◆ **Exercise materials**
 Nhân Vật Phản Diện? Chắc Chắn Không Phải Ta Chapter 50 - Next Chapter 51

...

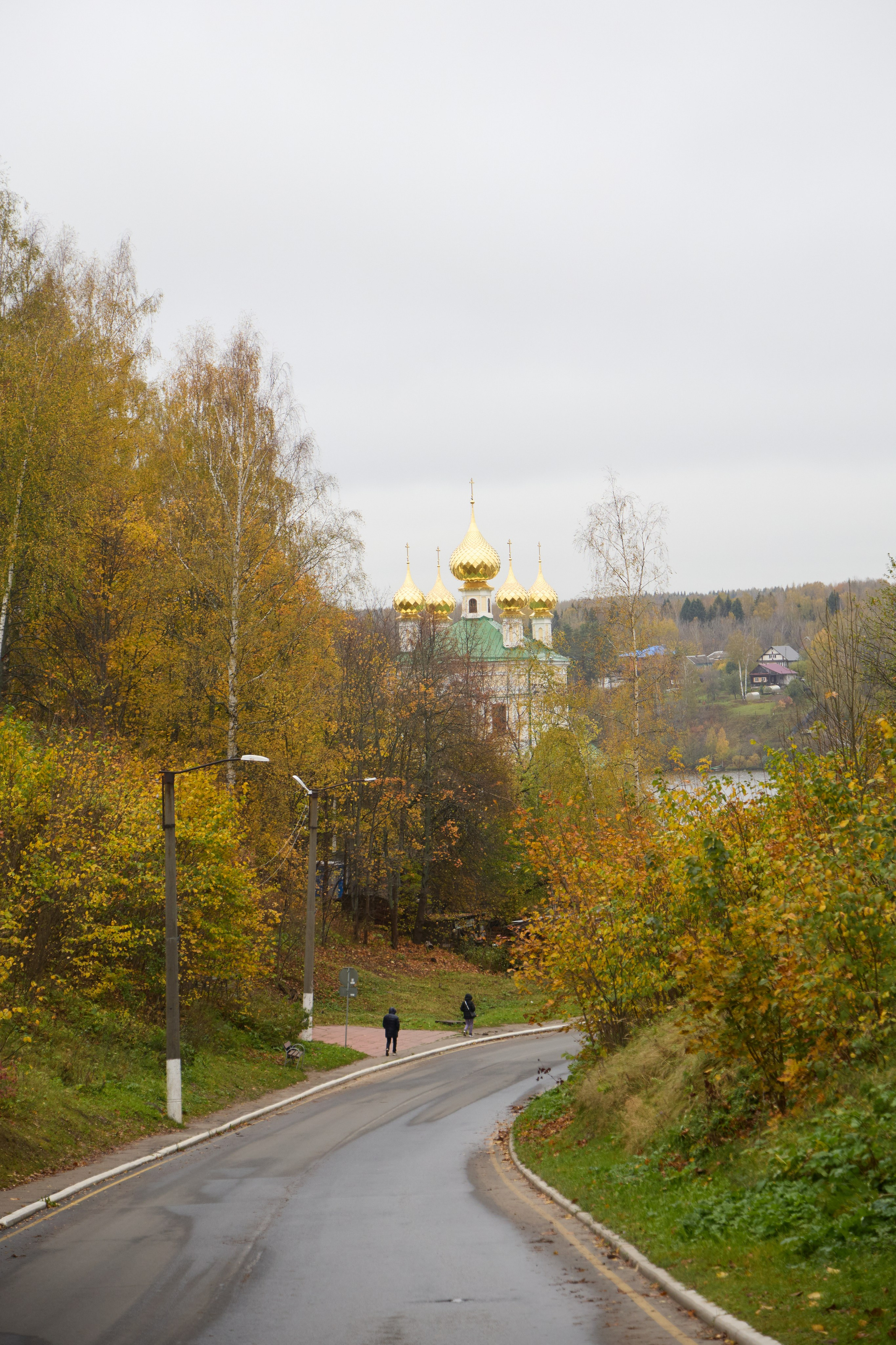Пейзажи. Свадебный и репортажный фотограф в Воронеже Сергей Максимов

---

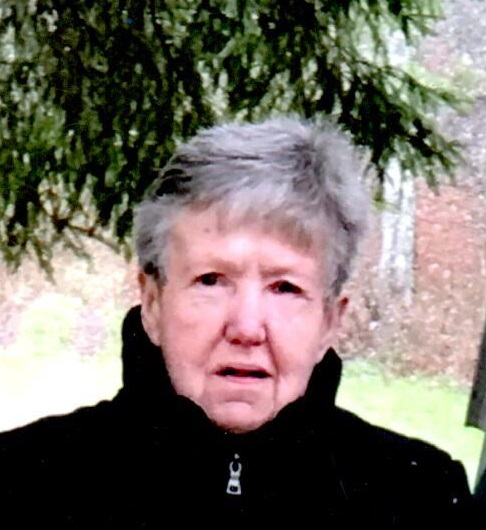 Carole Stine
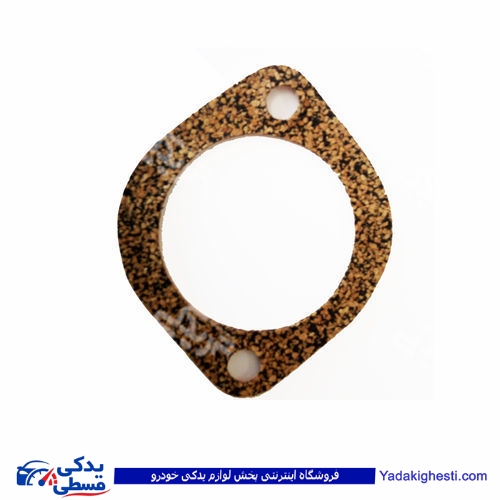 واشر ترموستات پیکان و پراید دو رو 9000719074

◆ **Required work**
Skip every picture, and restate word for word only the lines above from the line containing "Carole Stine" to the line containing "واشر ترموستات پیکان و پراید دو رو 9000719074", both of them included.

◆ **Answer to this exercise**
 Carole Stine
 واشر ترموستات پیکان و پراید دو رو 9000719074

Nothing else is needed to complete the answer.